## [DIRECTIONS]
Nothing but the lines below from the one that contains "A worker cleans" through the one that contains "Detail of vintage" should be retyped, exactly and including both ends. Do not include pictures.

## [INFORMATION]
◇ ◇ ◇ ◇ ◇ ◇ ◇

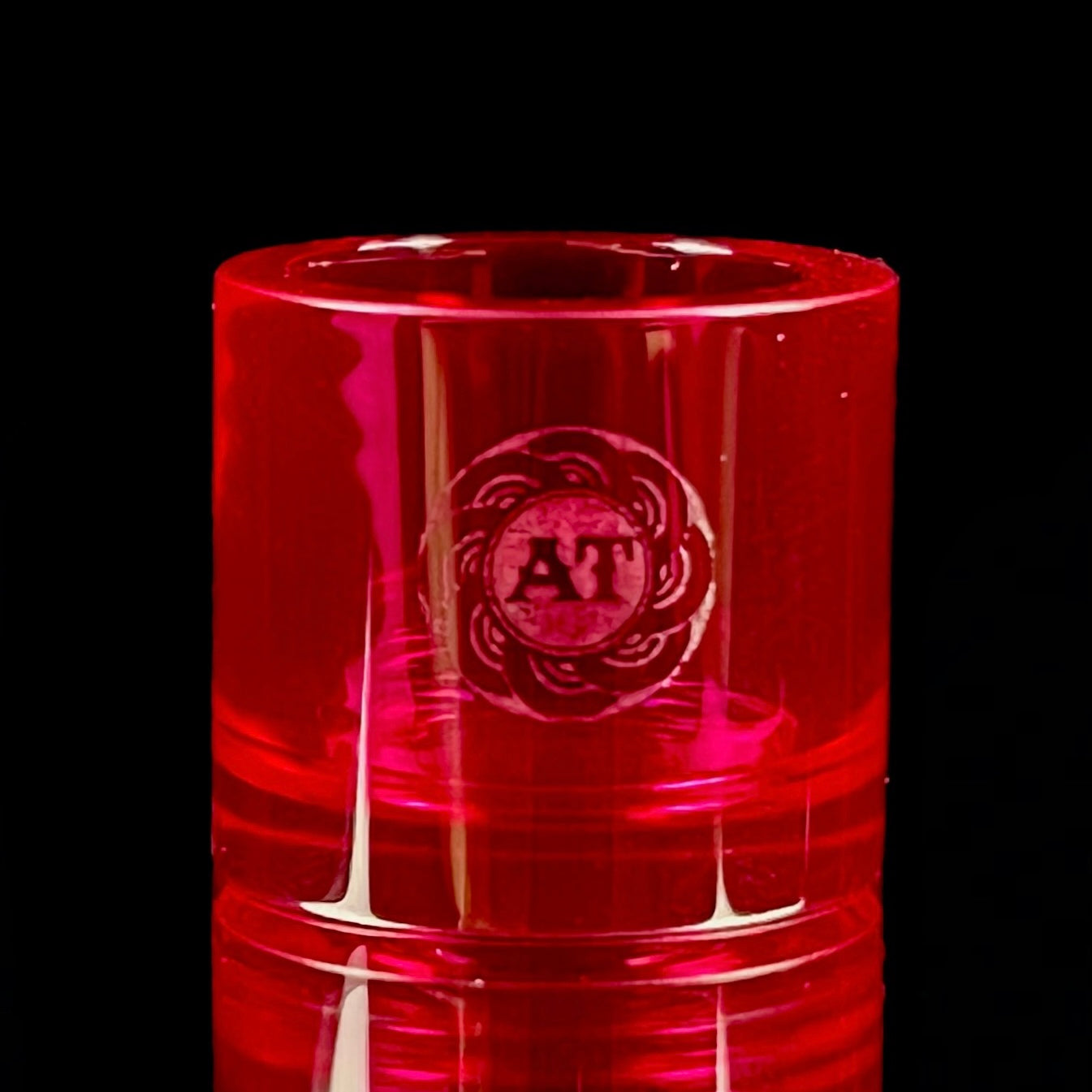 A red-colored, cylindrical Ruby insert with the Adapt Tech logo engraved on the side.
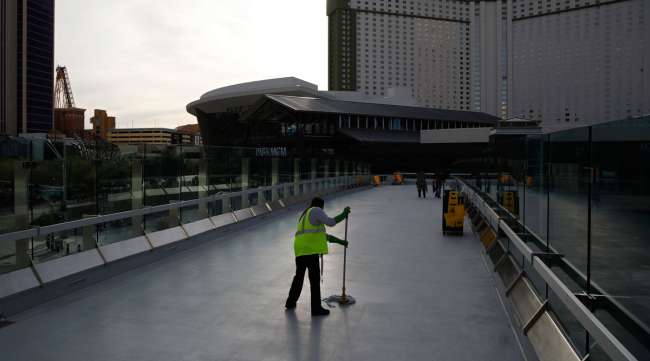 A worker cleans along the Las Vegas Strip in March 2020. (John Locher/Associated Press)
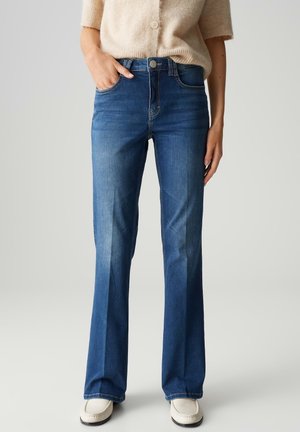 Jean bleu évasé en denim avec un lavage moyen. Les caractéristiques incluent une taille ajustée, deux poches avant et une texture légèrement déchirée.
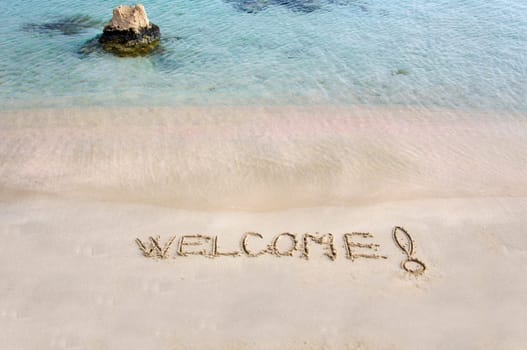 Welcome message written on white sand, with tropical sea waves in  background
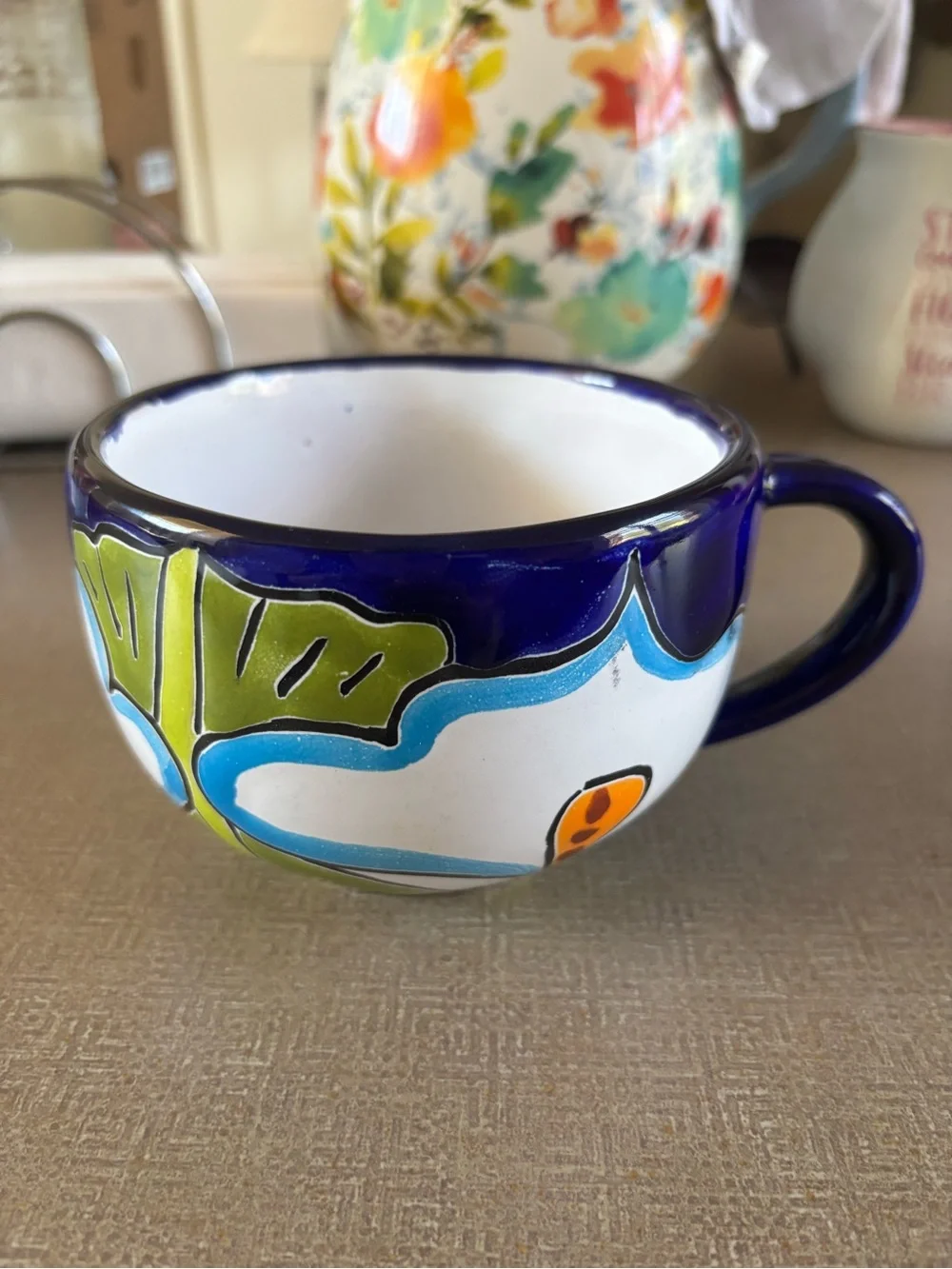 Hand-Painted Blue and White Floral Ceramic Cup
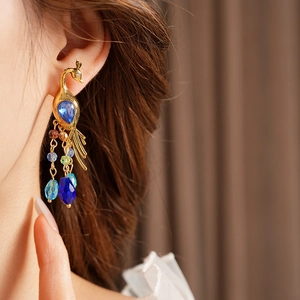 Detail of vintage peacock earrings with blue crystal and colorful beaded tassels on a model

◇ ◇ ◇ ◇ ◇ ◇ ◇

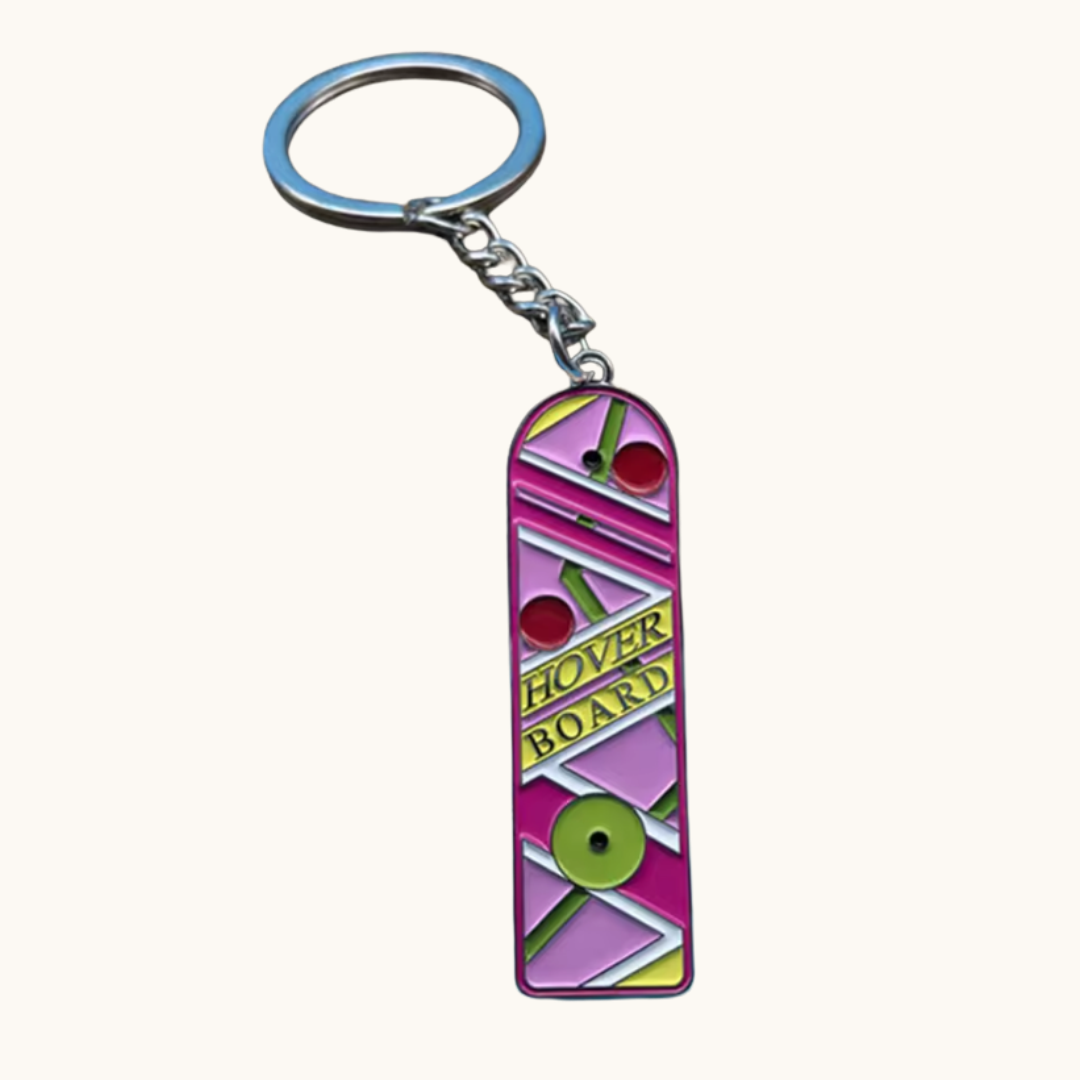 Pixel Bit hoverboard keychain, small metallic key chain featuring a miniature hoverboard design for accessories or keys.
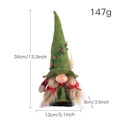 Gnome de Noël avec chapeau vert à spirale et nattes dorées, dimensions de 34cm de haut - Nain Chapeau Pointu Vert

◇ ◇ ◇ ◇ ◇ ◇ ◇

## [TASK OUTPUT]
 A worker cleans along the Las Vegas Strip in March 2020. (John Locher/Associated Press)
 Jean bleu évasé en denim avec un lavage moyen. Les caractéristiques incluent une taille ajustée, deux poches avant et une texture légèrement déchirée.
 Welcome message written on white sand, with tropical sea waves in  background
 Hand-Painted Blue and White Floral Ceramic Cup
 Detail of vintage peacock earrings with blue crystal and colorful beaded tassels on a model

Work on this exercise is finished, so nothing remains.